He could fit in the palm of his hand. Now, Enji’s hand fits around Touya’s entire arm and the pain of it is excruciating - and Touya’s now much bigger than a tiny baby but compared to his dad he’s still so terribly terribly small.
He thinks of how tiny he was when he was young and he has no idea how his father used to treat him with such care and then one day he just… stopped.
Touya isn’t the little baby who can fit in the palm of his father’s hand anymore. Instead he’s messy and broken and his quirk isn’t right for his body and he’s a failure and he wonders if Enji had any idea, looking at the tiny boy in his hand, that he was going to turn out to be a failure.
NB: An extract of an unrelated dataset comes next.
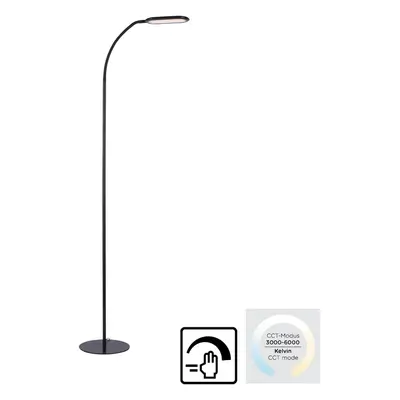 Just Light. Stojací LED lampa Kelly, 7W, 1180lm, 3000-6000K, černá 63 x 175 cm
There was a moment that Touya was truly, purely loved without any pain for the last time, and he didn’t even know it.
He’s loved. Touya knows he’s loved, knows it in the way he has to fight for it, knows it in the way he’s ecstatic when he earns it, knows it in the way his father grips his seared arm tightly in his fist.
It hurts but it’s love. Touya is sure it’s love.
Enji lets go.
Touya breathes.
I’m sorry I was such a failure, he wants to cry.
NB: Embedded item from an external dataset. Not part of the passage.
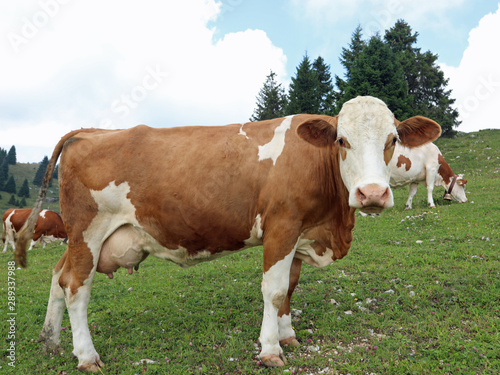 brown and white cow in the moutanin © ChiccoDodiFC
“I’ve been working on a new move,” he says instead.
Enji just shakes his head and puts more cream onto his fingers so he can start on Touya’s other arm, which is possibly more burnt than the first.
It’s there, inside of him. The desire to be both everything and nothing all at once. The desire to use his quirk powerfully and without pain and the desire to never use it again in his life because why is it so unfair?
The urge to act out so his dad looks at him, loves him, along with the urge to make himself as small as possible so nobody looks at him, ever. The yearning to be loved by his father, but also the yearning to be hated because then his anger would be so much easier.
His father loves him but he loves him wrong. And Touya is certain that it would be so much easier and so much less painful if Enji hated him, rather than stopping him training and keeping him at arm’s length for ‘Touya’s own good’. It would be so much less painful because he knows that his dad loves him and it gives him hope and that makes it hurt so much more when Touya knows he hasn’t earned it.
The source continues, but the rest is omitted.